WHAT THE TASK ASKS = Print the data below exactly as it stands, and keep the pictures out.

** Opening WORKING DATA block **

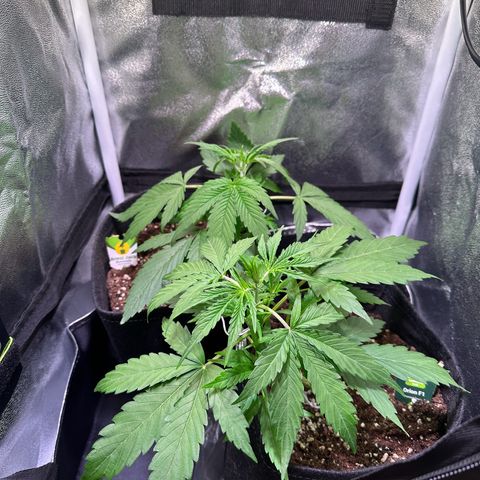 Royal Jack Auto growlog timeline photo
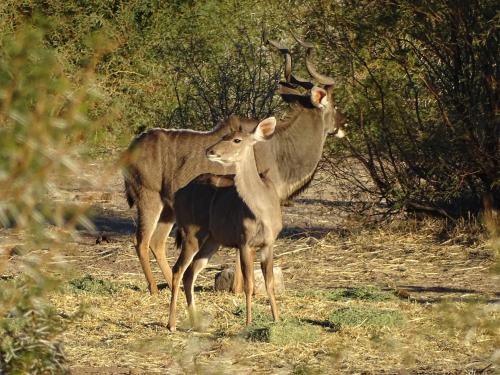 a couple of animals standing in a field at Teri-Lemveli Lodge in Beaufort West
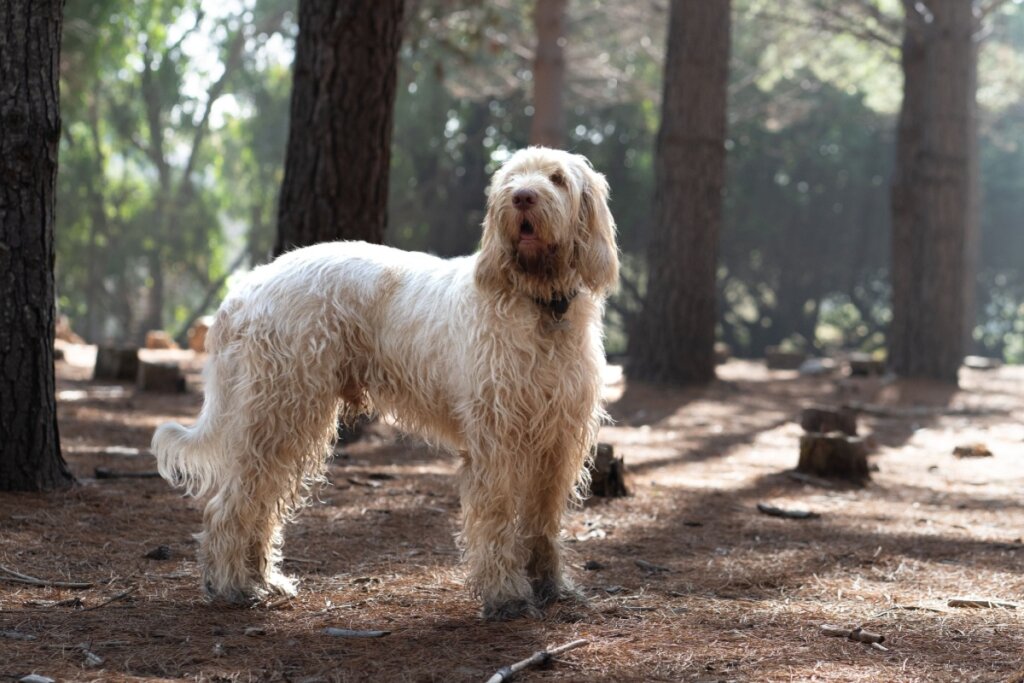 Cachorro spinone italiano com pelagem branca grande em pé em uma floresta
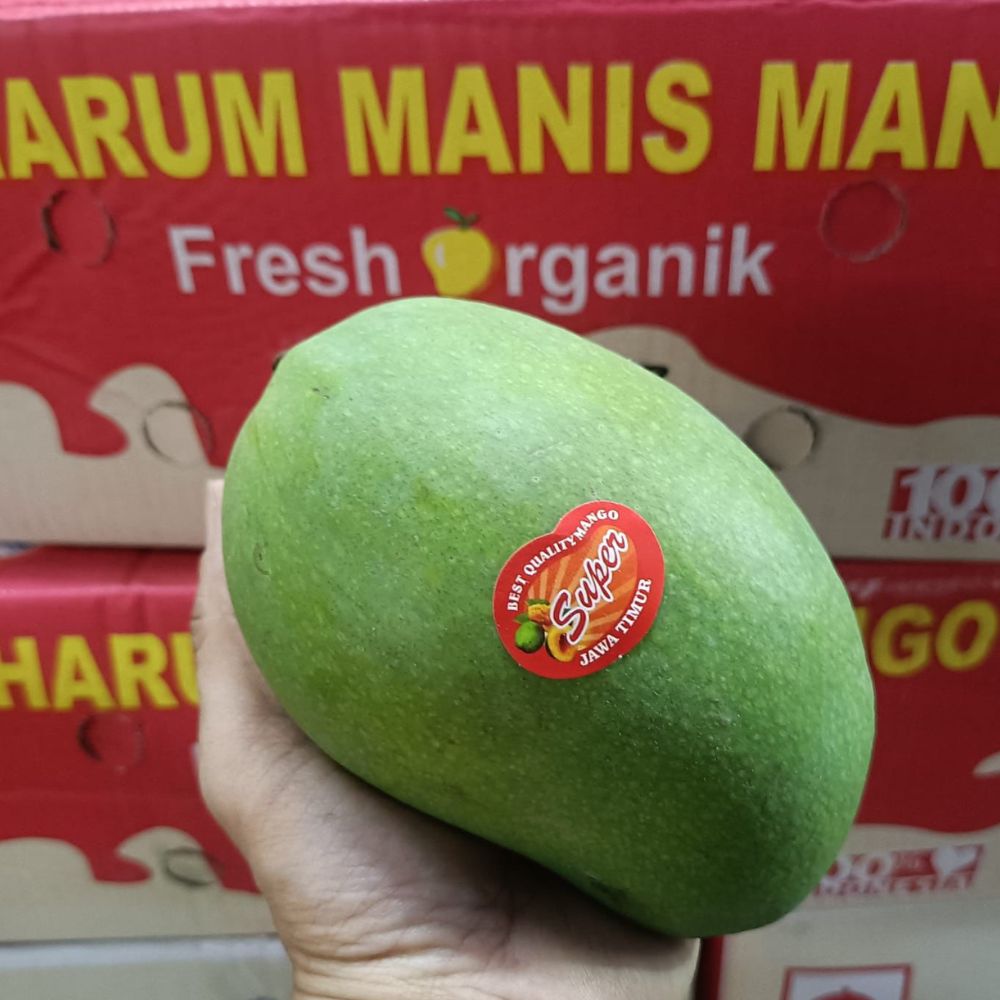 Indo Harumanis Mango2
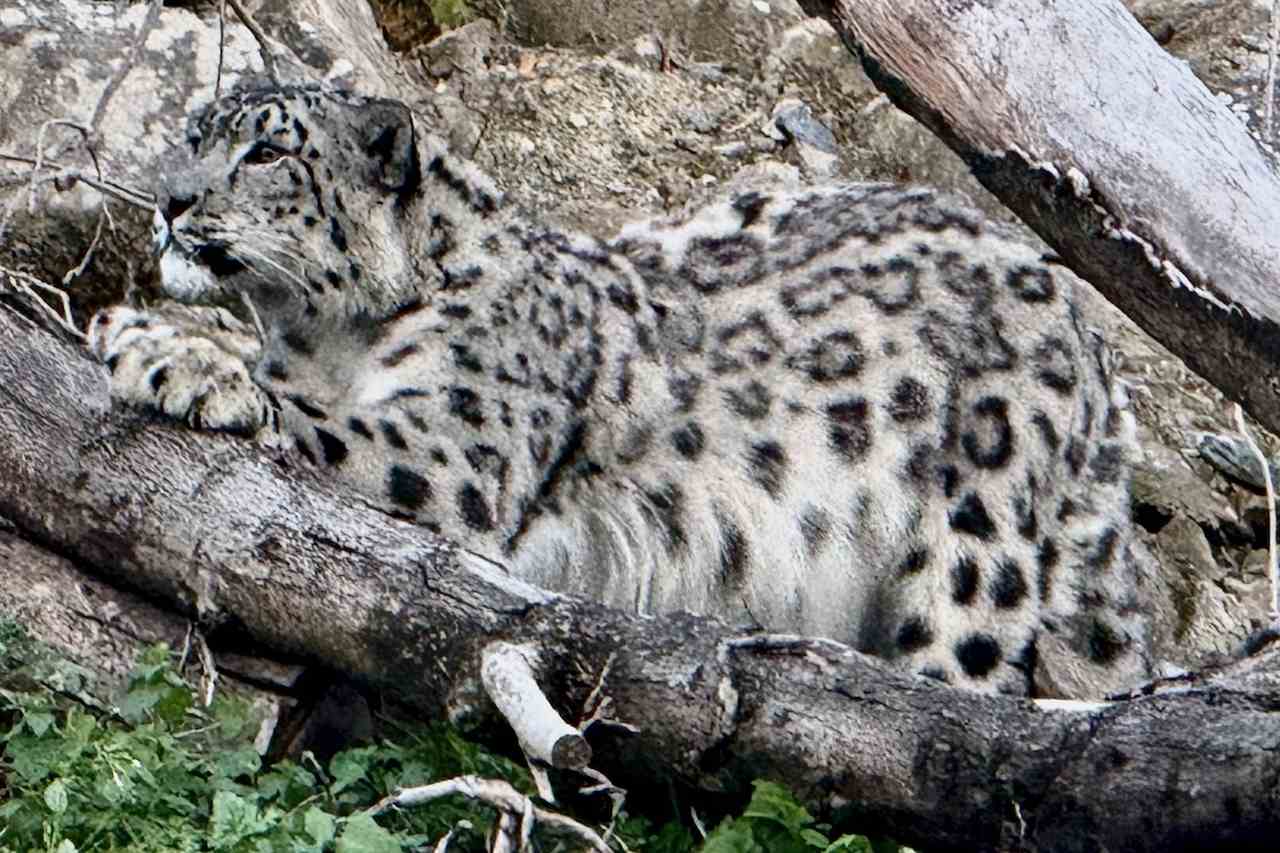 Snow Leopard at Chester Zoo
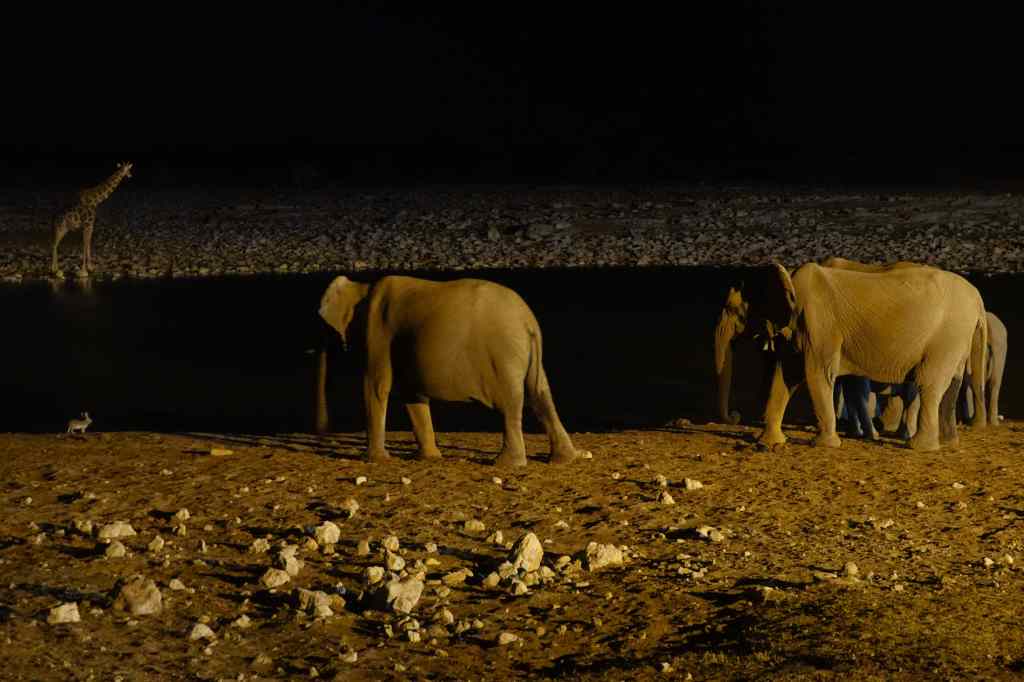 scrub hare and elephants Okaukuejo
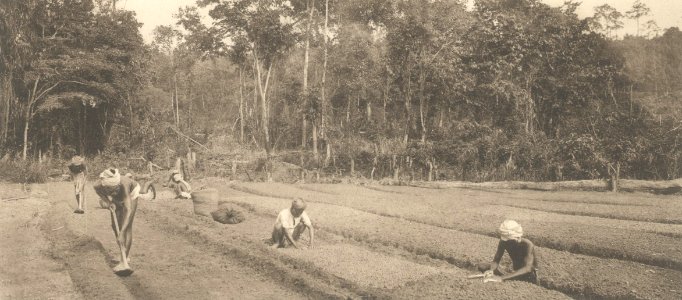 KITLV - 101110 - Kleingrothe, C.J. - Medan - Seed beds of a rubber plantation in Sumatra - circa 1905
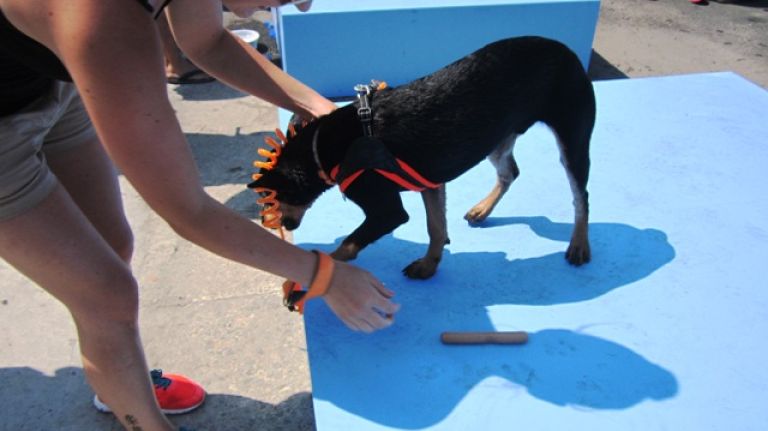 Hundreds of puppies gathered in Williamsburg for cuteness overload 21 Milo, from Ronkonkoma on Long Island, competed in the hot dog speed eating contest, but didn't seem interested in the treat.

** Closing WORKING DATA block **

OUTPUT FOR THIS EXERCISE =
 Royal Jack Auto growlog timeline photo
 a couple of animals standing in a field at Teri-Lemveli Lodge in Beaufort West
 Cachorro spinone italiano com pelagem branca grande em pé em uma floresta
 Indo Harumanis Mango2
 Snow Leopard at Chester Zoo
 scrub hare and elephants Okaukuejo
 KITLV - 101110 - Kleingrothe, C.J. - Medan - Seed beds of a rubber plantation in Sumatra - circa 1905
 Hundreds of puppies gathered in Williamsburg for cuteness overload 21 Milo, from Ronkonkoma on Long Island, competed in the hot dog speed eating contest, but didn't seem interested in the treat.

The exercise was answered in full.